- IATA: none; ICAO: MNBR;

Summary
- Airport type: Public
- Owner/Operator: INAC
- Serves: Los Brasiles, Managua
- Elevation AMSL: 262 ft / 80 m
- Coordinates: 12°11′24″N 086°21′14″W﻿ / ﻿12.19000°N 86.35389°W

Map
- MNBR Location in Nicaragua

Runways
| Direction | Length |  | Surface |
| m | ft |
| 09/27 | 915 | 3,002 | Asphalt |
- Source: GCM Google Maps SkyVector

= Los Brasiles Airport =

Airport in Mateare, Nicaragua

Los Brasiles Airport (Spanish: Pista Aérea Carlos Ulloa) is an airport serving Mateare, a municipality of the Managua Department of Nicaragua. The airport is 2 km west of the Lake Managua shoreline and 4 km south of the Apoyeque volcano.
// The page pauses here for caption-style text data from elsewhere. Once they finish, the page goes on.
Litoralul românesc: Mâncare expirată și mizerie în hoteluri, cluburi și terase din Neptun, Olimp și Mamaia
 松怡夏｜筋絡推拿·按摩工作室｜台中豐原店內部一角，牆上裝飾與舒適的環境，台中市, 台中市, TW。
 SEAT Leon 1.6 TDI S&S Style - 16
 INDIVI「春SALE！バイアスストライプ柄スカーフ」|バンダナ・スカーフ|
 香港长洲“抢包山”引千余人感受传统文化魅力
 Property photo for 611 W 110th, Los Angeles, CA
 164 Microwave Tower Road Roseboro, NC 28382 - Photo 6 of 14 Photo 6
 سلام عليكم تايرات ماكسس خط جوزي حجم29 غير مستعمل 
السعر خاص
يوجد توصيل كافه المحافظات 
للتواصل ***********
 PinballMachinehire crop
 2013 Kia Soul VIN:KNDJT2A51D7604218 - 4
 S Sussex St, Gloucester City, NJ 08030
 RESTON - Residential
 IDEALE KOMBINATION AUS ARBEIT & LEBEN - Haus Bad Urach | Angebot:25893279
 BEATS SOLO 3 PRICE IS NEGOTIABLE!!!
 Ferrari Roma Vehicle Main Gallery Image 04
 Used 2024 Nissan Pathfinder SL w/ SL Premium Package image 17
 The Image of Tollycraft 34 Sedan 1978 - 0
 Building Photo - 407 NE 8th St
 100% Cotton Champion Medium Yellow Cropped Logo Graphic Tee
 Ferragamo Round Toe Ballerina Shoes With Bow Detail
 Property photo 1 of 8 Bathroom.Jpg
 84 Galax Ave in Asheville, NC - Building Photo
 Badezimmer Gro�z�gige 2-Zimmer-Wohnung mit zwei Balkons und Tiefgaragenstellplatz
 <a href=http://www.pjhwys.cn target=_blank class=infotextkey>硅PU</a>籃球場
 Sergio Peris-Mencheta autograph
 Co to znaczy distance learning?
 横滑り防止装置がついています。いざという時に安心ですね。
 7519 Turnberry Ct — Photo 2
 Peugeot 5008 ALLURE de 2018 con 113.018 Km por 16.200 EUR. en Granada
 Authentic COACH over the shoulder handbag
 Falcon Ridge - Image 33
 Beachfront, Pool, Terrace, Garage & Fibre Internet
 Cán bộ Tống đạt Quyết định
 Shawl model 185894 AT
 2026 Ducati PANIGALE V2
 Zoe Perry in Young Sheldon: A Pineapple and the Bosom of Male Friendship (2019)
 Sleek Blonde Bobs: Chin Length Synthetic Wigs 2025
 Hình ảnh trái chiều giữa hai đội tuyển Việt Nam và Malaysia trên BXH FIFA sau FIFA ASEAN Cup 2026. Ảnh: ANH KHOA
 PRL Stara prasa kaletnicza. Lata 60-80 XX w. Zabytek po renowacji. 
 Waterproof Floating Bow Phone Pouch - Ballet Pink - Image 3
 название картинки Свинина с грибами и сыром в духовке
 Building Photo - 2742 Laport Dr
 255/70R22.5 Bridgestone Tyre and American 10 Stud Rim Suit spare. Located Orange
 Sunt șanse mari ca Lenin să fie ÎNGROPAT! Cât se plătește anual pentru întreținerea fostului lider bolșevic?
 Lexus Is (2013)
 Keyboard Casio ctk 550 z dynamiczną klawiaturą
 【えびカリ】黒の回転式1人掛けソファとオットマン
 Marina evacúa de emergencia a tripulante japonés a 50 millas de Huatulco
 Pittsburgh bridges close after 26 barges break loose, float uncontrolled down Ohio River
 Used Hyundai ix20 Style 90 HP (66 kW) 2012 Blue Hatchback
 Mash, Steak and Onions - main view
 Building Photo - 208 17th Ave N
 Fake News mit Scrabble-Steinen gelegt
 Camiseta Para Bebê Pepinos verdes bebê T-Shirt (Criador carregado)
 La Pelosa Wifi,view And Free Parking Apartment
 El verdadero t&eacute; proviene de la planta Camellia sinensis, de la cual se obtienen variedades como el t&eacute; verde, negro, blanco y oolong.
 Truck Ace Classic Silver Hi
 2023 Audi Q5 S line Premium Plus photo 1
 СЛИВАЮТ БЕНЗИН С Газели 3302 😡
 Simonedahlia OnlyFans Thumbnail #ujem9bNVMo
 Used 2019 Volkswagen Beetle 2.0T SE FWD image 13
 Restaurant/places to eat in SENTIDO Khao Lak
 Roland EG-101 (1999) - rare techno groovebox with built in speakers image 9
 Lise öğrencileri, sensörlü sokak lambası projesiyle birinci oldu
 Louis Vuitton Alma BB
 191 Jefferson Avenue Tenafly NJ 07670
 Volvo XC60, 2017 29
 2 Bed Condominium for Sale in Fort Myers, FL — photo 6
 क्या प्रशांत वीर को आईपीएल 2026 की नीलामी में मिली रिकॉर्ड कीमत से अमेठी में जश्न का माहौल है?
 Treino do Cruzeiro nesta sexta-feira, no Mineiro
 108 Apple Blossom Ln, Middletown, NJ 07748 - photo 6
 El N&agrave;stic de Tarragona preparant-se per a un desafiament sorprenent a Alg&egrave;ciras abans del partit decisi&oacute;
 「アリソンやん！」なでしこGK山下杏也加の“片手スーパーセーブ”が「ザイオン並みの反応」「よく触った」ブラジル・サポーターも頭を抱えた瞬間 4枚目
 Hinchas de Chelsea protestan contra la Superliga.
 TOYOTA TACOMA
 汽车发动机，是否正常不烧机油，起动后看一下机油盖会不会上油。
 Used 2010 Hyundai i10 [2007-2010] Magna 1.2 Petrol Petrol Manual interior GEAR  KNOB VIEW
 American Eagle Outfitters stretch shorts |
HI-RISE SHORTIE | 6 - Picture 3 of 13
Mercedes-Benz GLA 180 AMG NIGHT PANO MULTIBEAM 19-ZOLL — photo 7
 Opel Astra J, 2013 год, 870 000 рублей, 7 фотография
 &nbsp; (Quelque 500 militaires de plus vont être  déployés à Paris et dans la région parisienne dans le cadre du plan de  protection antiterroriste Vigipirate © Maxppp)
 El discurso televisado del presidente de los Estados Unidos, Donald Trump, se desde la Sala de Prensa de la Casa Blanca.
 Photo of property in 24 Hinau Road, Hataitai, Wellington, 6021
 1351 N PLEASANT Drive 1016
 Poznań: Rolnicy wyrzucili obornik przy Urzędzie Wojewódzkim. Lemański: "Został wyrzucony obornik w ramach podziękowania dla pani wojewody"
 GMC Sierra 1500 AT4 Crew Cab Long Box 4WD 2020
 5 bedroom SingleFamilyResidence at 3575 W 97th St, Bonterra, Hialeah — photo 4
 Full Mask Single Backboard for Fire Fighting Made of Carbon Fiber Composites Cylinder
The Managua VOR-DME (Ident: MGA) is located 11.8 nmi east-southeast of the airport.

==History==
In the early 1980s, the airstrip was used primarily by light aircraft for aerial fumigation. The Los Brasiles Airport was renovated in 2010 by the Nicaraguan Civil Aeronautics Authority (INAC).

The Aviation Technical Training Institute (INTECA) was located for several years at Los Brasiles Airport.